When lawyers in North Carolina’s latest redistricting battle head to court next month, they might have some clues about the U.S. Supreme Court’s approach to their arguments.

Redistricting suits filed by Common Cause and the League of Women Voters are set for trial Oct. 16 in Greensboro. Both cases address partisan gerrymandering claims linked to North Carolina’s 2016 congressional map.

Just two weeks earlier, on Oct. 3, the nation’s highest court will hear oral arguments in Gill v. Whitford. That Wisconsin case deals with similar partisan gerrymandering claims.

It’s unlikely the Supreme Court would issue a ruling in Gill before a three-judge panel hears the N.C. complaints. But lawyers addressing the three-judge panel will have had a chance to review questions Supreme Court justices asked during the Gill arguments.
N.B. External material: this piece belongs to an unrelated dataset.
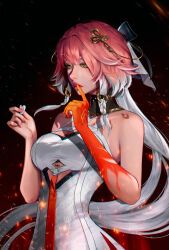 Rule 34 | 1girl, absurdres, bare shoulders, black bow, black collar, body markings, bow, braid, breasts, changli (wuthering waves), cleavage, collar, colored extremities, commentary, dress, hair bow, hair extensions, hair ornament, halterneck, highres, holding, large breasts, long hair, looking ahead, nervi fd, no jacket, parted lips, pink hair, red hands, ring hair extensions, solo, tacet mark (wuthering waves), twin braids, very long hair, white dress, white hair, wuthering waves, yellow eyes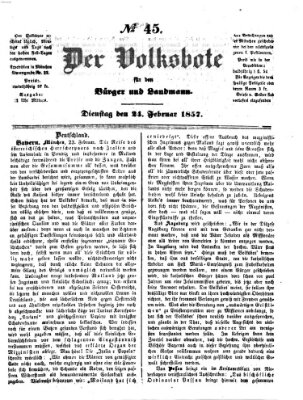 Der Volksbote für den Bürger und Landmann Dienstag 24. Februar 1857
Those questions can signal the Supreme Court’s likely approach to resolving a case.

The fact that the high court was scheduled to consider Gill had prompted lawyers for the N.C. General Assembly to ask the three-judge panel to delay its hearing on the Common Cause and League of Women Voters complaints. The panel rejected that request in late August and issued an opinion explaining its reasoning late last week.

There is no timetable for a ruling from either the three-judge panel or the U.S. Supreme Court.